Microvascular Reactivity in Cardiac Surgery

Overview

Microcirculatory disturbance occurs most seriously during cardiopulmonary bypass (CPB) in cardiac surgery. If microvascular reactivity compensates for microcirculatory disturbance during CPB, tissue hypoxemia may be minimized. On the other hand, tissue hypoxemia may develop and lead to poor clinical outcomes. The primary aim of this study was to assess whether microvascular reactivity during CPB can predict major adverse events (MAE) within 30 days after cardiac surgery. This prospective, observational, single-center study was conducted on 115 patients who underwent elective on-pump cardiac surgery. The vascular occlusion test (VOT) with near-infrared spectroscopy was performed five times for each patient, before the induction of general anesthesia (baseline, T0), 30 min after the induction of general anesthesia (T1), 30 min after applying CPB (T2), 10 min after injection of protamine (T3), and after sternal closure (T4). Sequential Organ Failure Assessment (SOFA) and Acute Physiologic and Chronic Health Evaluation (APACHE) II scores and the length of ventilator care, intensive care unit stay, and hospital stay were recorded. Postoperative MAE within 30 days after surgery was also recorded.

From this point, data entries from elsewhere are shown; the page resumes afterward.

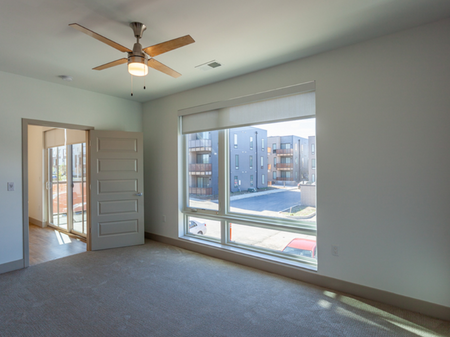 A6 Spacious Bedroom | 2501 Beacon Hill | Kansas City, MO Apartments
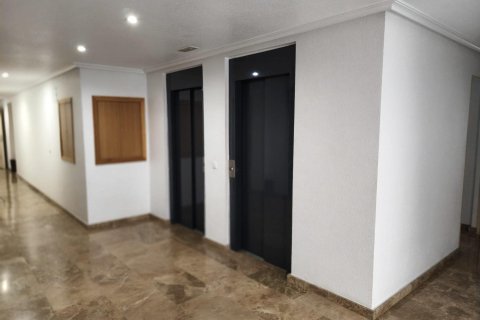 Lägenhet till salu i Torrevieja, Alicante, Spanien 2 sovrum, 70 kvm. Nr. 183069 - foto 6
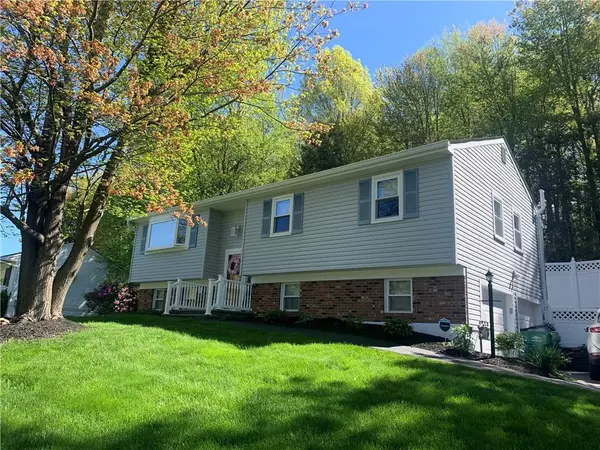 13 Baldwin DR,  Wappingers Falls,  NY 12590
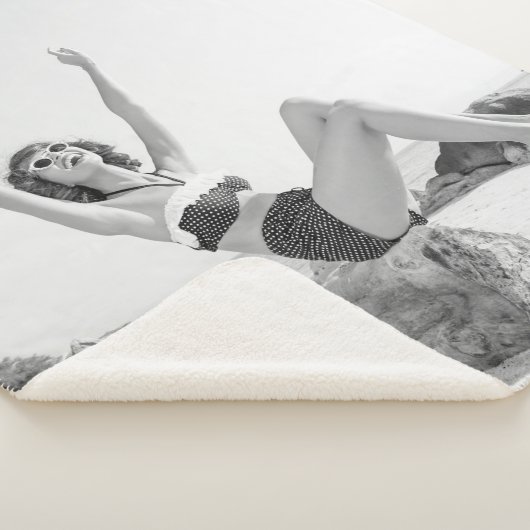 Attraktive junge Frau in Bikini am Strand Sherpadecke (3/4)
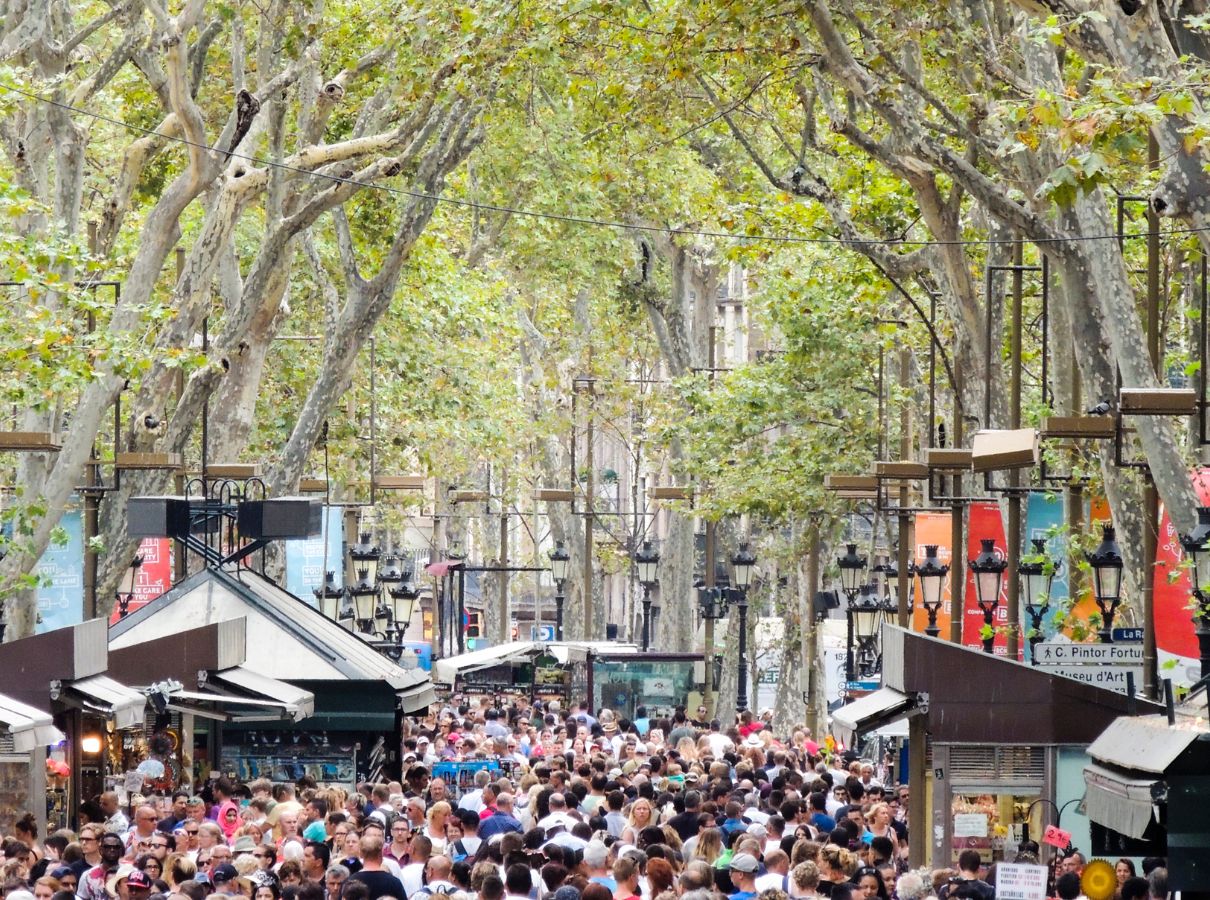 A Barcelone, les rues sont bondées de touristes. A Barcelone, les rues sont bondées de touristes.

Full Title of Study: “Microvascular Reactivity as a Predictor of Major Adverse Events in Patients With On-pump Cardiac Surgery: A Prospective Observational Study”

Study Type

  • Study Type: Observational
  • Study Design
    • Time Perspective: Prospective
  • Study Primary Completion Date: May 30, 2019

Detailed Description

The VOT was performed five times in each patient, before the induction of general anesthesia (baseline, T0), 30 min after the induction of general anesthesia (T1), 30 min after applying CPB (T2), 10 min after injection of protamine (T3), and after sternal closure (T4). Before induction of anesthesia, an NIRS sensor (INVOSĀ® 5100C Cerebral/Somatic Oximeter; Medtronic, Minneapolis, MN, USA) was placed on the thenar eminence and an automated tourniquet (A.T.SĀ® 3000 Automatic Tourniquet System; Zimmer Inc., Warsaw, IL, USA) was placed around the upper arm. The arterial catheter was placed in the contralateral radial artery and the baseline blood pressure was measured. When the baseline tissue oxygen saturation (StO2) was stabilized, the automatic tourniquet was inflated to 50 mmHg over the patient's baseline systolic blood pressure and maintained for 5 min. After the 5-min ischemic period, the tourniquet rapidly deflated to 0 mmHg. StO2 data were continuously recorded during the VOT procedure. Baseline StO2, minimum StO2 during the 5-min inflation of the tourniquet, and maximum StO2 during deflation of the tourniquet were obtained. The occlusion slope and recovery slope were calculated based on the measured StO2 data. The occlusion slope, which is related to oxygen extraction, was defined as the slope of the StO2 descent to the lowest value. The recovery slope, which is related to microvascular reactivity, was calculated from the deflation of the tourniquet until the recovery of StO2 to the highest value.

Interventions

  • Diagnostic Test: vascular occlusion test
    • The VOT was performed five times in each patient, before the induction of general anesthesia (baseline, T0), 30 min after the induction of general anesthesia (T1), 30 min after applying CPB (T2), 10 min after injection of protamine (T3), and after sternal closure (T4). Before induction of anesthesia, an NIRS sensor was placed on the thenar eminence and an automated tourniquet was placed around the upper arm. The arterial catheter was placed in the contralateral radial artery and the baseline blood pressure was measured. When the baseline tissue oxygen saturation (StO2) was stabilized, the automatic tourniquet was inflated to 50 mmHg over the patient’s baseline systolic blood pressure and maintained for 5 min. After the 5-min ischemic period, the tourniquet rapidly deflated to 0 mmHg. StO2 data were continuously recorded during the VOT procedure.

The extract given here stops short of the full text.